TURES COLUMN: The election commission gives working families a big win with early voting
Published 10:30 am Tuesday, November 29, 2022
By approving Early Voting on Saturday, Troup County’s Election Commission gave a big win for working families and parents with kids. The next step for all of us in Troup County is to vote on Saturday, 11/26/22, to show how much Early Voting matters, and to help others on Election Day, so we can make this a tradition in future ballot box contests.
As I noted in an earlier column, I worked as an exit pollster in Upson County, a location that went overwhelmingly Republican in 2022. But I also saw a number of working-class voters, and parents with kids needing to get to school, or after-school activities look at the long lines during the first two and last two hours on Election Day, and duck back out.
Believe it or not, while I’ve given lots of talks at academic conferences, LaGrange College and other colleges (as part of the Victims of Communism group as well as about Turkey and human rights), and even stood in for a Congressman once upon request, I had never spoken before at a public meeting. I talked to the Election Commission about my concerns about workers and parents who can’t always get off time to vote.
“I have that flexibility to vote, as do my students,” I told the commissioners. “But those who can’t be here, or can’t vote, deserve just as much of a say in government as I do, and that’s who I am here for.”
A decision on Sunday voting was turned down at the first meeting. But at the second meeting, the Election Commissioners listened to so many community voices who all spoke in favor of early voting, including a racially diverse community team, political leaders, professionals, working people, and me. I asked if my students and I could help with the Early Voting.
So please thank Chairman Bill Stump, Vice-Chair James Thrailkill, Dianne Davidson, Paulette Hall and Eric Davenport of the Election Commission. They went beyond the partisan myths of whether this would help Democrats or Republicans and put Troup County voters first.
Did it work?
Supporters of the measure did everything we could to get the word out about early voting, including social media posts and links. And the turnout was amazing. There were almost 900 voters who showed up on Saturday. It was amazing to see Troup County with those impressive turnout numbers. On a per capita basis, we were probably right there with those big urban countries in Georgia.

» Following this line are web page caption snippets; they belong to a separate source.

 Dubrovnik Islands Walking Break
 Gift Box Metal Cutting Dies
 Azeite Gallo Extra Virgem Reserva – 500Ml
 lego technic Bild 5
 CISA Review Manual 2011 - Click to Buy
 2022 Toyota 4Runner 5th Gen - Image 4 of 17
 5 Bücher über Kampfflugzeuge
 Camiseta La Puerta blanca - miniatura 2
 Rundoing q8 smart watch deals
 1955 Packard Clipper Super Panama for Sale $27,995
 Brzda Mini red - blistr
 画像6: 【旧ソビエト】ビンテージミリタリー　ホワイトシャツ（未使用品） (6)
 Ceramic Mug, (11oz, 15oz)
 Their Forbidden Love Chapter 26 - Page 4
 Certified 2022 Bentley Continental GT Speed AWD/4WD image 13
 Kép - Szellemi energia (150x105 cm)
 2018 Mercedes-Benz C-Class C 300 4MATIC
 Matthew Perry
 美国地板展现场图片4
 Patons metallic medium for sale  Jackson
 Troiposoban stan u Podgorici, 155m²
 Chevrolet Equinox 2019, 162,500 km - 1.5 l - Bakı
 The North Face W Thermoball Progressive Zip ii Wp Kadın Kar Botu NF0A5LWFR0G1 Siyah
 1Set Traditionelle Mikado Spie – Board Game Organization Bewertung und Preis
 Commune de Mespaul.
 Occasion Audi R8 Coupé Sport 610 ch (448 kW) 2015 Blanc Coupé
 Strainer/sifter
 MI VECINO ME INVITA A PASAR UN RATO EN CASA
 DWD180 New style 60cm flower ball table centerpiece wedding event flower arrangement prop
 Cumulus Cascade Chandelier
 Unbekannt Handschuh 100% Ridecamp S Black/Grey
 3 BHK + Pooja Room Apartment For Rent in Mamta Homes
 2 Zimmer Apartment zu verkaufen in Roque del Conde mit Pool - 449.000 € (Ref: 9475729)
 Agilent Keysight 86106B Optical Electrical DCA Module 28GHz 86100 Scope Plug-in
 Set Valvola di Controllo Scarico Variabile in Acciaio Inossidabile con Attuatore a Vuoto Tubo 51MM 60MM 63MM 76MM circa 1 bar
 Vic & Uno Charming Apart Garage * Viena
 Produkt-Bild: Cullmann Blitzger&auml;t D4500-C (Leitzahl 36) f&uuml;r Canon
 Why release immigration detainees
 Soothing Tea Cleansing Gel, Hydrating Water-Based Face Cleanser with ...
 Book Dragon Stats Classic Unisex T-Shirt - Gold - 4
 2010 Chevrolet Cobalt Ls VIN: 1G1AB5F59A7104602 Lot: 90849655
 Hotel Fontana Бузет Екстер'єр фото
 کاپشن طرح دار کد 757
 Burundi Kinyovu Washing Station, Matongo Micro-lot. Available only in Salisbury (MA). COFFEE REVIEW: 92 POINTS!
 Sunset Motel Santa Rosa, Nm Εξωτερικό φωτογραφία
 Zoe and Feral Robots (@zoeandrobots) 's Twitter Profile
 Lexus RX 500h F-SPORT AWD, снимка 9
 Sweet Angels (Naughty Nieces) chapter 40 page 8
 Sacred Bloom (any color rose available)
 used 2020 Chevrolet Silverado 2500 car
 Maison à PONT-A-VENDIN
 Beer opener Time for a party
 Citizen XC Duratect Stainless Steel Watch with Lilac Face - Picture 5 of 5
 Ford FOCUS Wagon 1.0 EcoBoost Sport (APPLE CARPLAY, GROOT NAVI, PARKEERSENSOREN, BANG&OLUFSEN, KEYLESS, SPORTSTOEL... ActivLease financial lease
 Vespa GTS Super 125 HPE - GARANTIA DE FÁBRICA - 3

The Washington Post did a story about Georgia’s Early Voting, even noting that a few red counties had a strong conservative turnout. Some of the reporting didn’t mention Troup County in their reports, but maybe they should have.
They missed a good chance to show that it’s not just blue counties that understand the importance of getting people more chances to vote ahead of Election Day.
Thanks to a good turnout on Saturday, the Election Commission will be more likely to approve other Saturday voting options in the future. And that’s something sure to benefit conservatives, moderates and liberals too. In this worldwide anti-democracy mood, Troup County can show others how we can make voting more accessible for all eligible voters.